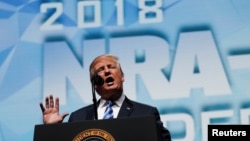 Le président des États-Unis, Donald Trump, s'exprime lors du forum des dirigeants de la NRA-ILA lors de la réunion annuelle et des expositions du NRA au Kay Bailey Hutchison Convention Center à Dallas, Texas, 4 mai 2018.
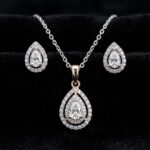 Oviya Diamond Set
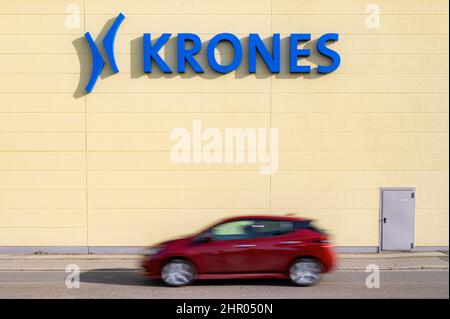 Neutraubling, Deutschland. 24th. Februar 2022. Logo der Krones AG auf einem Fabrikgebäude. Quelle: Armin Weigel/dpa/Alamy Live News Stockfoto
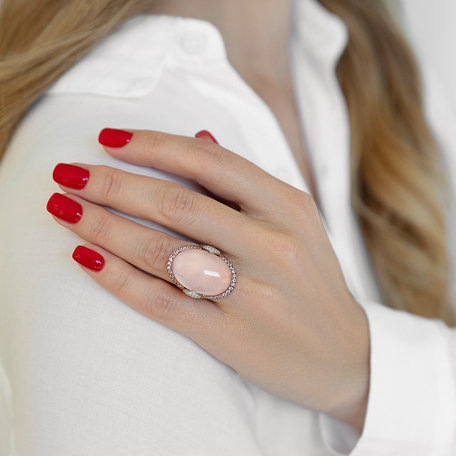 Diamond ring with Rose Quartz and Sapphire Treasure of Queen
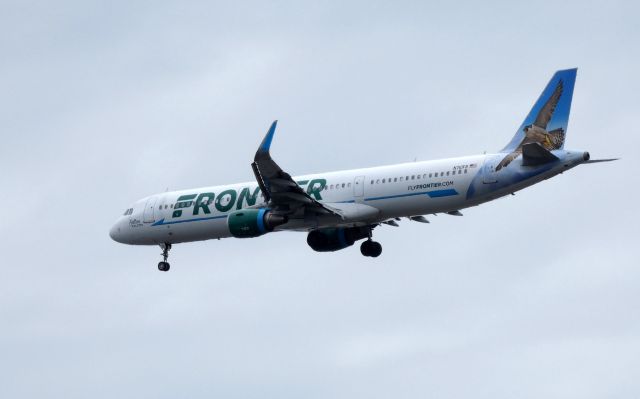 Airbus A321 (N710FR) - On final is this 2016 Frontier Airlines Airbus A321-211 with "Fallon" the Falcon on the tail in the Spring of 2019.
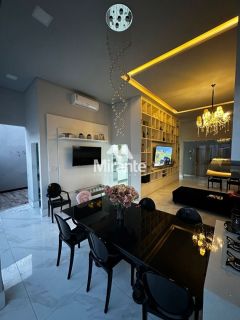 Casa Para Vender com 4 quartos sendo 4 suítes no bairro Pedra do Descanso em Feira De Santana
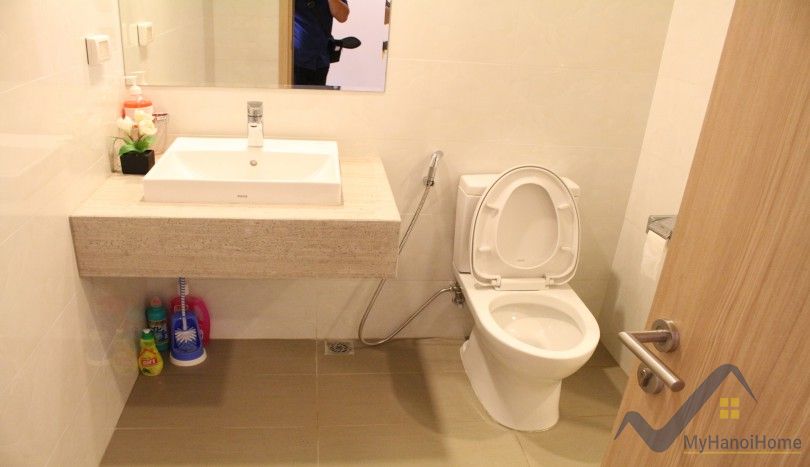 3 bedrooms Apartment in Long Bien, Ha Noi, Vietnam No. 19852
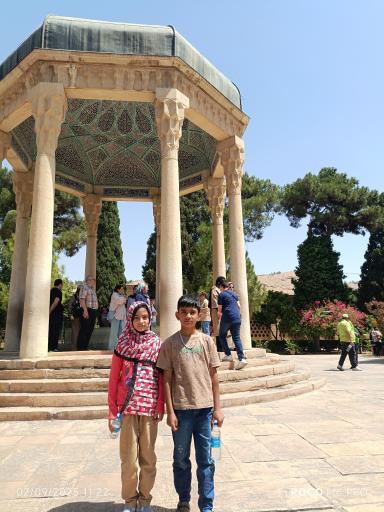 عکس آرامگاه حافظ شیرازی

++++

### Directions
Starting with the line that contains "Casa Para Vender", give the lines again exactly as they appear through the last line of the data, pictures excluded.

### Exercise result
 Casa Para Vender com 4 quartos sendo 4 suítes no bairro Pedra do Descanso em Feira De Santana
 3 bedrooms Apartment in Long Bien, Ha Noi, Vietnam No. 19852
 عکس آرامگاه حافظ شیرازی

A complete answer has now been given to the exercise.